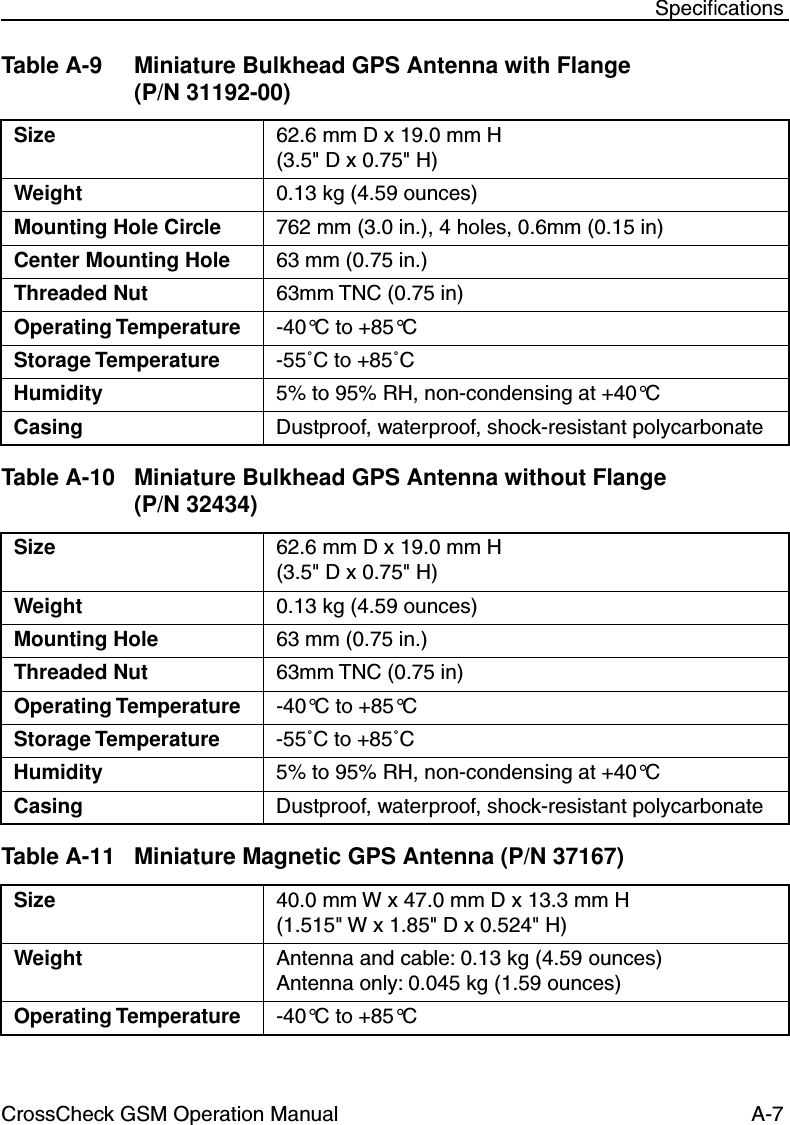 CrossCheck GSM Operation Manual A-7 SpeciﬁcationsTable A-9 Miniature Bulkhead GPS Antenna with Flange(P/N 31192-00)Size 62.6 mm D x 19.0 mm H(3.5&quot; D x 0.75&quot; H)Weight 0.13 kg (4.59 ounces)Mounting Hole Circle 762 mm (3.0 in.), 4 holes, 0.6mm (0.15 in)Center Mounting Hole 63 mm (0.75 in.) Threaded Nut 63mm TNC (0.75 in)Operating Temperature -40°C to +85°CStorage Temperature -55˚C to +85˚CHumidity 5% to 95% RH, non-condensing at +40°CCasing Dustproof, waterproof, shock-resistant polycarbonateTable A-10 Miniature Bulkhead GPS Antenna without Flange(P/N 32434)Size 62.6 mm D x 19.0 mm H(3.5&quot; D x 0.75&quot; H)Weight 0.13 kg (4.59 ounces)Mounting Hole 63 mm (0.75 in.) Threaded Nut 63mm TNC (0.75 in)Operating Temperature -40°C to +85°CStorage Temperature -55˚C to +85˚CHumidity 5% to 95% RH, non-condensing at +40°CCasing Dustproof, waterproof, shock-resistant polycarbonateTable A-11 Miniature Magnetic GPS Antenna (P/N 37167)Size 40.0 mm W x 47.0 mm D x 13.3 mm H(1.515&quot; W x 1.85&quot; D x 0.524&quot; H)Weight Antenna and cable: 0.13 kg (4.59 ounces)Antenna only: 0.045 kg (1.59 ounces)Operating Temperature -40°C to +85°C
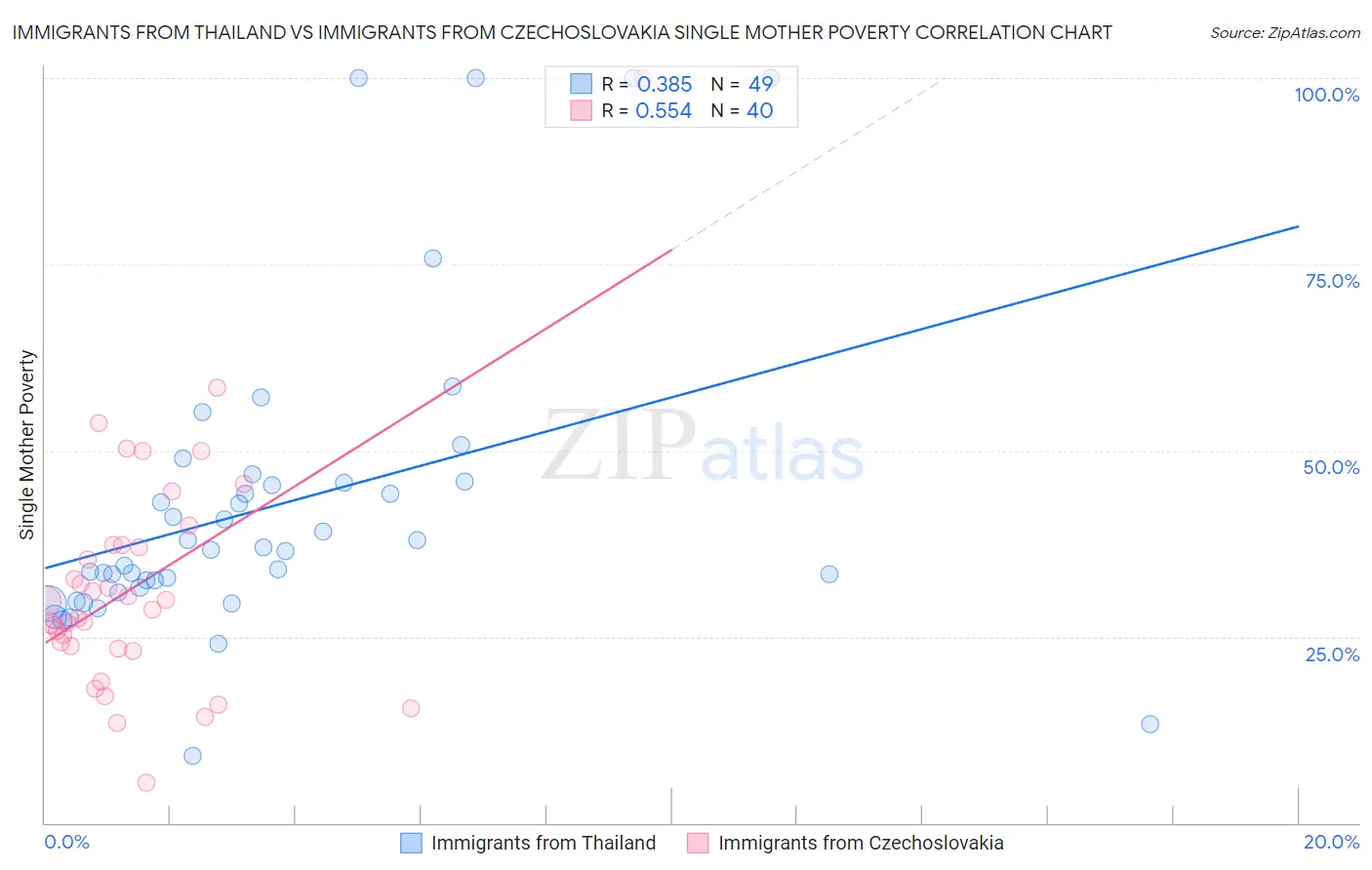 Immigrants from Thailand vs Immigrants from Czechoslovakia Single Mother Poverty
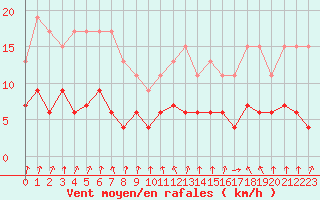 Courbe de la force du vent pour Paris - Montsouris (75)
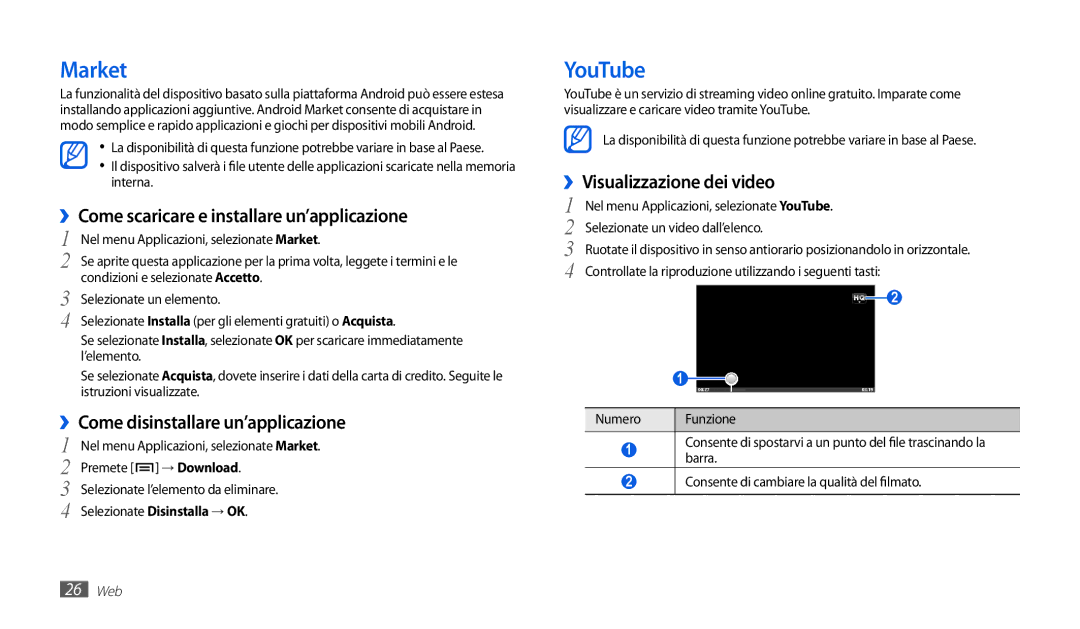 Samsung GT-P1010CWAITV manual Market, YouTube, ››Come scaricare e installare un’applicazione, ››Visualizzazione dei video 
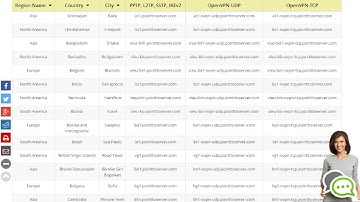 Fix error code 0x800B010F when connecting to PureVPN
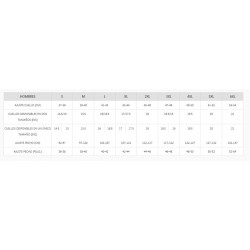 Camisa laboral HOMBRE Oxford celeste 2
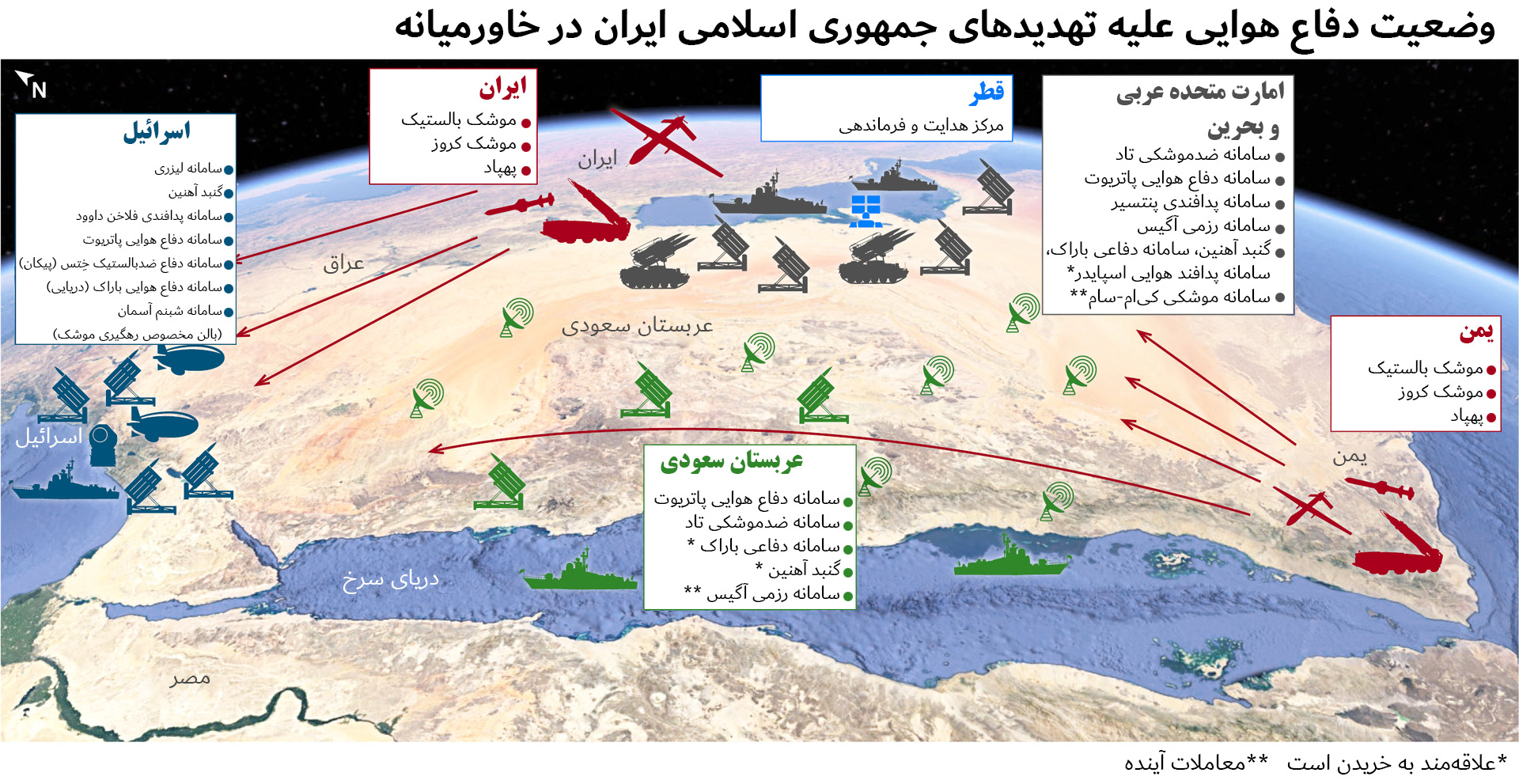 منبع: haaretz.com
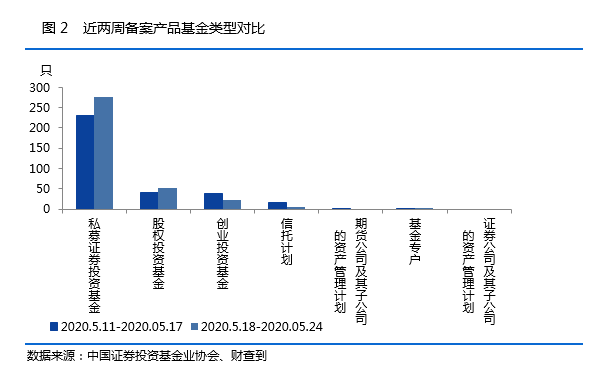 私募基金一周数据简报：17家私募完成注销（名单）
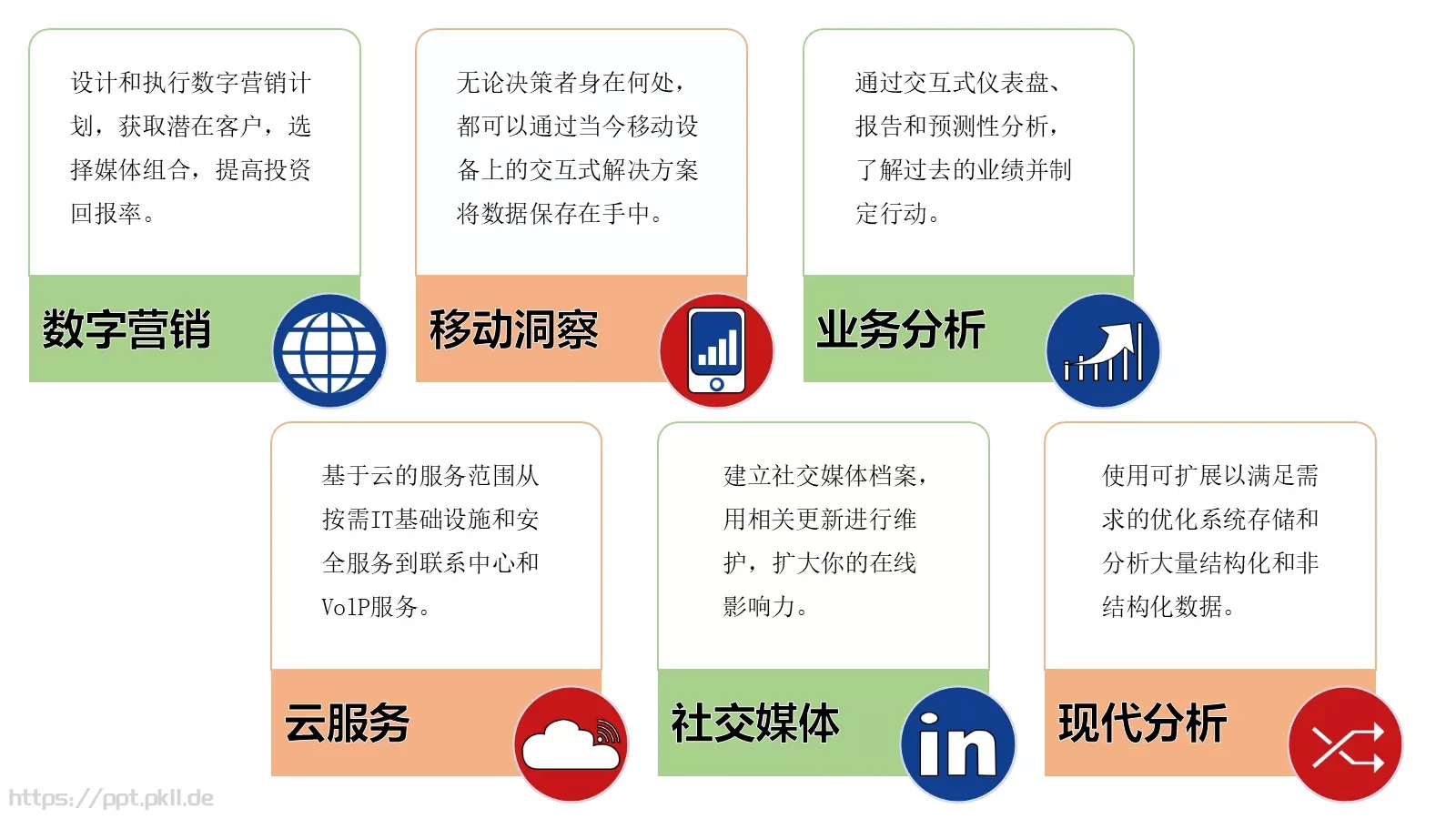 企业数字服务PPT模板 第 3 页缩略图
------------------------------
**Task description:**
Repeat the material above exactly, so that every entry appears but no picture does.

**Task output:**
 CrossCheck GSM Operation Manual A-7 SpeciﬁcationsTable A-9 Miniature Bulkhead GPS Antenna with Flange(P/N 31192-00)Size 62.6 mm D x 19.0 mm H(3.5&quot; D x 0.75&quot; H)Weight 0.13 kg (4.59 ounces)Mounting Hole Circle 762 mm (3.0 in.), 4 holes, 0.6mm (0.15 in)Center Mounting Hole 63 mm (0.75 in.) Threaded Nut 63mm TNC (0.75 in)Operating Temperature -40°C to +85°CStorage Temperature -55˚C to +85˚CHumidity 5% to 95% RH, non-condensing at +40°CCasing Dustproof, waterproof, shock-resistant polycarbonateTable A-10 Miniature Bulkhead GPS Antenna without Flange(P/N 32434)Size 62.6 mm D x 19.0 mm H(3.5&quot; D x 0.75&quot; H)Weight 0.13 kg (4.59 ounces)Mounting Hole 63 mm (0.75 in.) Threaded Nut 63mm TNC (0.75 in)Operating Temperature -40°C to +85°CStorage Temperature -55˚C to +85˚CHumidity 5% to 95% RH, non-condensing at +40°CCasing Dustproof, waterproof, shock-resistant polycarbonateTable A-11 Miniature Magnetic GPS Antenna (P/N 37167)Size 40.0 mm W x 47.0 mm D x 13.3 mm H(1.515&quot; W x 1.85&quot; D x 0.524&quot; H)Weight Antenna and cable: 0.13 kg (4.59 ounces)Antenna only: 0.045 kg (1.59 ounces)Operating Temperature -40°C to +85°C
 Immigrants from Thailand vs Immigrants from Czechoslovakia Single Mother Poverty
 Courbe de la force du vent pour Paris - Montsouris (75)
 Samsung GT-P1010CWAITV manual Market, YouTube, ››Come scaricare e installare un’applicazione, ››Visualizzazione dei video 
 Fix error code 0x800B010F when connecting to PureVPN
 Camisa laboral HOMBRE Oxford celeste 2
 منبع: haaretz.com
 私募基金一周数据简报：17家私募完成注销（名单）
 企业数字服务PPT模板 第 3 页缩略图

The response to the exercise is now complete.